What’s more to be said about these reprobates that hasn’t already been said on a dozen other blogs? They are a big deal in the pop-punk scene at the moment, and their debut LP was re-released by Fat Wreck Chords this year, enabling them to tour extensively with many other big bands. This is a collection of slower and more melodic pop-punk numbers that the minions at Ont Road towers are used to, yet has remained on steady turntable play throughout the year. Lovely stuff. 



2) HDQ – Lost in Translation (Boss Tuneage)
There was only going to be one thing that could happen that would ease the pain of Leatherface breaking up, and even this seemed a long shot. However, Dickie Hammond & David Golledge have reunited along with Skruff Owen (Leatherface), Mick Jones (Leatherface stand-in), and Dean Liddle, to record a new HDQ album. At first I hated this record, it was too soft and brought tears to my eyes.
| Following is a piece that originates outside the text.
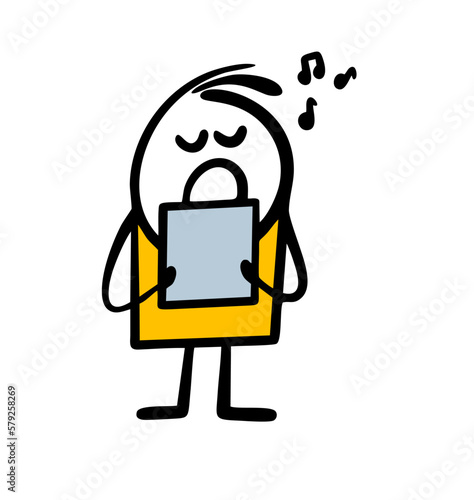 Little stickman boy hold a sheet of paper with musical notes and sing a song in children chorus.
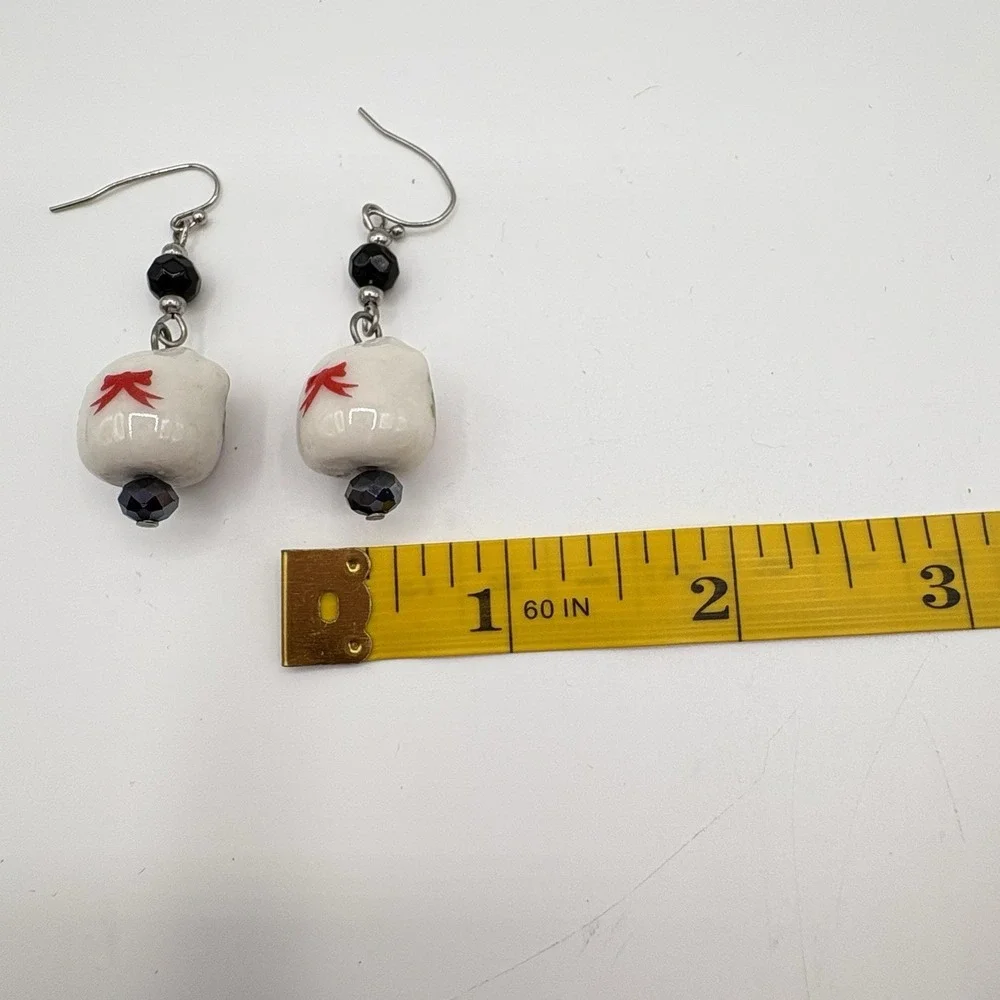 Japanese Maneki Neko Lucky Cat Earrings Ceramic Hand Painted Dangle Jewelry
However, after a few listens I was completely hooked: I started to understand the complexity to the lyrics, and Dickie Hammonds definitive guitar sound started to seep through. Songs such as ‘Lost in Translation’, ‘Room With A View’, and ‘Hand Me Downs’ can comfortably sit alongside any Leatherface classics. Having had a scan through the bands back catalogue this is quite different to the stuff they’ve released in the past, yet as a stand-alone record, this is one hell of a bag of cans to bring to a party. We even got the bonus of having them play at the Wharf Chambers social centre in Leeds. I hope to hear more from these Tigers!
1) Bad Religion – True North  (Epitaph)

The best selling Bad Religion record in history. No description necessary. 






And the best live show of 2013...
Well it’s been another awesome year for live shows. Highlights include: Pig//Control, Disguise, David Rovics, The War Goes On, 1981, Infernoh, Rocket From the Crypt, and Ovvl. Yet for me, considering all the different factors, the best show of the year has to be D.O.A. at The Brudenell Social Club in Leeds.  I’ve only recently discovered this band, and I wish it had of been sooner. They’ve been going for ages, 30 plus years, and they have produced a barrage of quality material. Even though this gig was on a Sunday night, the venue was rammed, and everyone was in good spirits – it felt like a Saturday night. This was a special night too for lead singer & guitarist Joey Shithead, as his relatives are from Ilkley, which is a village 20 miles from Leeds. The pit was wild throughout the whole set, old & young people going bezerk. Even the Scarborough gadgies from Active Minds were spotted in attendance, and that is a rarity these days. The defining moment of the set was when they played ‘General Strike’, I felt the rage of all the activism I’d taken part in over the times, and it reminded me why punk is such an important philosophical & political movement.